O Comatose. Spontaneous breathing at 10/min, BP 100/60, P 140. Crackles bilaterally. Nasotracheal suctioning yields clear fluid. Cyanotic. Spo2 on 5 L/min O2 per nasal cannula: 72%.
• Near drowning. R/O seizure disorder (history)
• Increased airway secretions (suctioning of clear fluid)
P Stat ABG on 100% oxygen, then titrate per Oxygen Therapy Protocol. Have equipment to intubate on standby. Bag-mask ventilate, and suction. Provide continuous pulse oximetry. Continue nasotracheal suctioning. Take seizure precautions. Will accompany on transfer.
Respiratory Assessment and Plan
S Anxious, dyspneic, crying. “I can’t get my breath. Where am I? Am I going to die?”
O Afebrile. BP 112/70, P 140/min, RR 60/min. Cyanotic. Paradoxic chest/abdomen movements, sternal retraction. Crackles in both lungs anteriorly. Spontaneous cough with frothy sputum production, WBC 21,000/mm3. On 80% oxygen: pH 7.29, Paco2 52, 25, Pao2 38. CXR: “White-out.”
• Pulmonary edema secondary to near drowning (frothy sputum)

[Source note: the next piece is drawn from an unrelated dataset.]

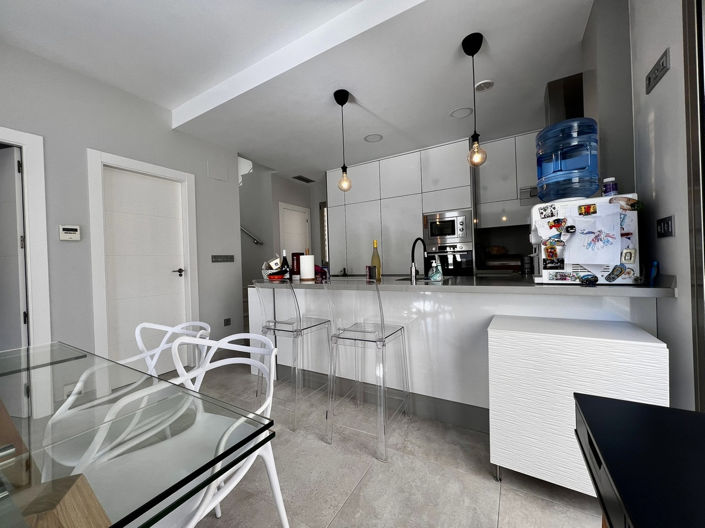Image No.24-3 Bed Property for sale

• Acute ventilatory failure with metabolic acidosis (likely lactic acid) with severe hypoxemia (ABGs)
P Place on 100% O2 and bag-mask ventilate. Page physician stat. Obtain intubation equipment and prepare to place patient on ventilator. Follow oximetry. Prepare to assist in placement of Swan-Ganz catheter.
Respiratory Assessment and Plan
S N/A (patient sedated, paralyzed)
O Lungs clear. No secretions. On 50% O2 and +10 PEEP: pH 7.42, Paco2 42, 24, and Pao2 98. CXR: Considerable improvement in bilateral infiltrates.

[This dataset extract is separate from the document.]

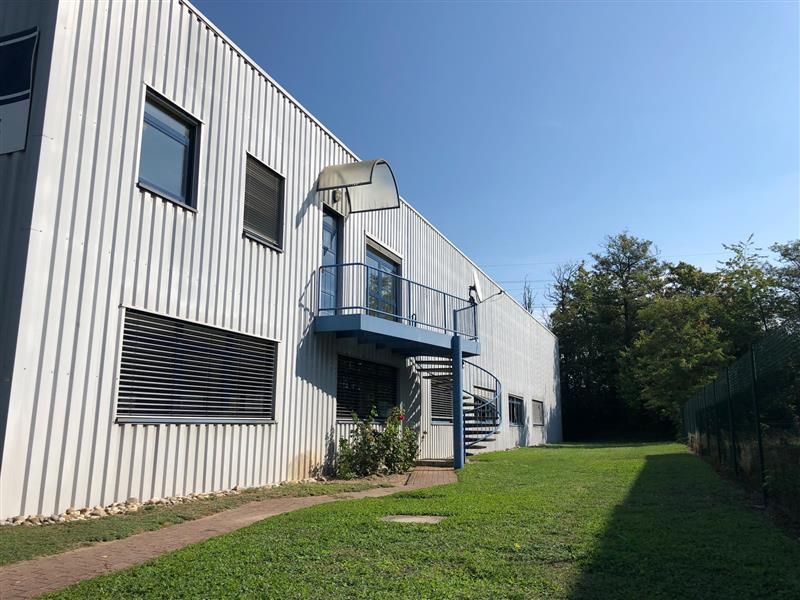 Location local d''activites 446 m² non divisibles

• Considerable improvement on CMV and PEEP (general improvement of clinical indicators)
• Acceptable ventilation and oxygenation status on present ventilatory settings (ABG)
• Frothy airway secretions no longer present (clear lungs and no secretions)
P Contact physician to wean from muscle relaxant. Wean from mechanically ventilated breaths, Fio2, and PEEP per Mechanical Ventilation Protocol. Change ventilator mode to synchronized intermittent mandatory ventilation (SIMV).
Discussion
This case demonstrates initial worsening of the near drowning victim despite intensive respiratory care. The initial ABG values showed severe hypoxemia as a result of Increased Alveolar-Capillary Membrane Thickness and alveolar flooding (see Figures 9-10 and 40-1), as well as acute ventilatory failure and metabolic (probably lactic) acidosis. Bronchospasm never developed, and aggressive respiratory care prohibited the development of atelectasis and aspiration pneumonia.